En Buenos Aires había medidas de seguridad, pero eran razonables, borrables. La noticia de la locura de la policía chilena lo había precedido, y los agentes argentinos deseaban ofrecer una imagen mejor, así que dieron un pequeño respiro. Pudo ocuparse de su trabajo en relación con El último suspiro del moro e incluso encajar un poco de turismo, visitando el panteón familiar donde reposaba Eva Perón en el cementerio de la Recoleta, y donde una pequeña placa al estilo de Lloyd Webber encarecía al viandante a no llorar por ella. No me llores. Muy bien, pues, no lloraré, le dijo él en silencio. Lo que usted diga, señora.
Le habían pedido que se reuniera con el ministro de Asuntos Exteriores argentino, Guido Di Tella, y de camino a la reunión el funcionario de la embajada británica que lo acompañaba comentó que se había denegado el permiso para rodar en el interior de la Casa Rosada a los productores de la película Evita, protagonizada por Madonna y dirigida por Alan Parker. “Si pudiera usted decir algo al respecto –susurró el diplomático–, sería de gran ayuda. Si encontrara la manera de dejarlo caer en la conversación...” Y eso hizo. Cuando el señor Di Tella le hubo preguntado por la fatwa y emitido las ya tradicionales (y en general vacías) exclamaciones de apoyo, él preguntó al ministro de Asuntos Exteriores por los problemas con la película. Di Tella contestó con un gesto, como diciendo: ¿Qué puedo hacer yo? “La Casa Rosada, como sabe, es la sede del gobierno; es difícil autorizar un rodaje allí.”
“Mire –contestó él–, es una película de gran presupuesto, y van a hacerla, y si no les dejan rodar en la Casa Rosada, buscarán otro edificio donde filmar las escenas de la Casa en, quizá, no sé... ¿Uruguay?”
Di Tella se tensó. “¿Uruguay?”, exclamó.
“Sí.
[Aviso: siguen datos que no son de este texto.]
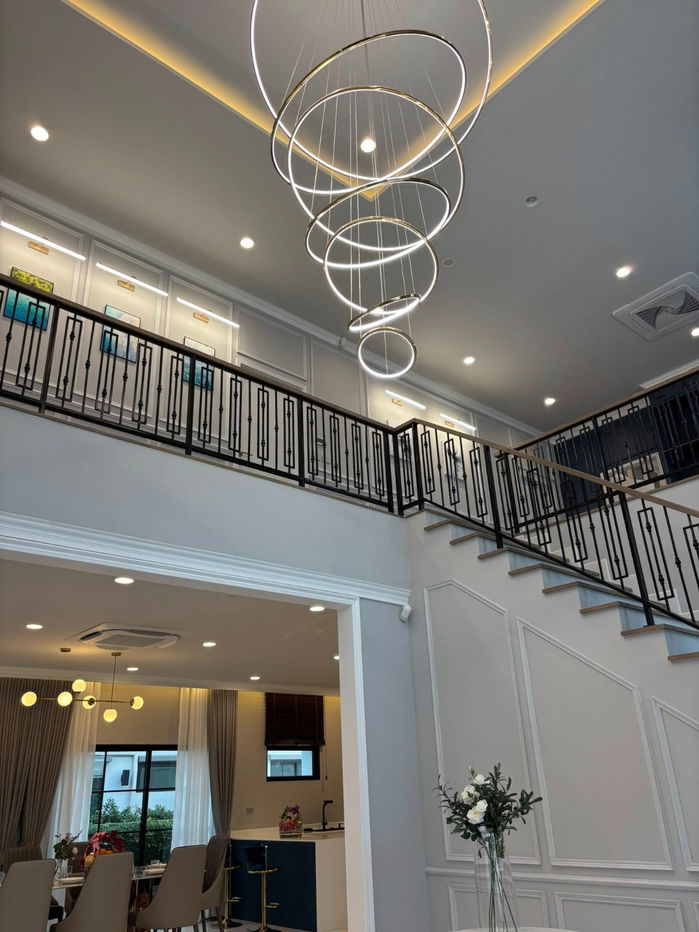 รูป 🏡 ให้เช่าบ้านเดี่ยวหรู โครงการเศรษฐสิริ บางนา - สุวรรณภูมิ ✔️5 ห้องนอน 6 ห้องน้ำ 🔐𝗖𝗼𝗱𝗲  : #OL2304_101 - รูปที่ 4/10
Podría ser. Podría ser en Uruguay.”
“Bien –dijo Di Tella–. Discúlpeme un momento, por favor. Tengo que hacer una llamada.”
Poco después de esta conversación, Evita recibió permiso para rodar en la Casa Rosada. Cuando se estrenó la película leyó que Madonna había presionado personalmente al presidente argentino para que diera su autorización, así que quizá fuera esa la verdadera razón del cambio de idea. Pero también es posible que Uruguay tuviera algo que ver con ello.